What do you do when a safeguarding incident happens? — from the first 2 minutes through to reporting, recording, and learning. And none of it involves panicking! (Unless you run out of coffee)
- What are your immediate response protocols?
- How do you preserve safety and evidence?
- What should you record?
- Do you know the thresholds for notifying authorities?
- How do you support affected children and manage parent communication,
- Hopefully you won't need to but do you have a plan for handling media interest?
Effective incident management is a structured process for rapidly detecting, responding to, and resolving unplanned issues to minimise the impact, restore normal and potentially improved operations quickly, and learn from the event for future prevention, using clear roles, communication, and continuous improvement. Turn the learning into safer practice.

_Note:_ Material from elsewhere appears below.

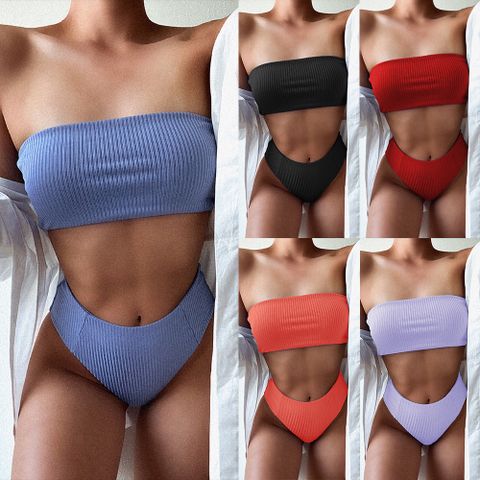 New Pit Strip Tube Top Bikini High Waist Blue Super Elastic Split Swimsuit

If you’re unsure whether it’s “serious enough”, escalate anyway. It’s easier to step down than to explain why you didn’t act.
Hold the boundary kindly: “I understand why you’re asking. I can’t share information about other children, but I can tell you what we’re doing to keep your child safe and what will happen next.”

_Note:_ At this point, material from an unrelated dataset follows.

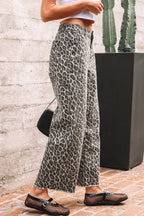 Yellow Leopard Straight Loose Leg Jeans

Trying to do everything at once. Assign roles, prioritise safety, and keep a clear timeline.
Record what you know: what was observed, what was said, what actions you took, and who you informed. Avoid assumptions or opinions.
- Behaviour issue: low-level conflict or rule-breaking that can be managed with your behaviour policy and doesn’t indicate harm, coercion, or vulnerability.
- Safeguarding concern: anything that suggests a child may be at risk of harm (including peer-on-peer harm, exploitation, neglect, or a pattern of worrying behaviour).
- Serious incident: immediate danger, significant injury, sexual harm, serious violence, credible threats, or an allegation involving a staff member/volunteer.
Record separate factual accounts and times. Don’t force a single narrative. Your safeguarding lead can coordinate next steps.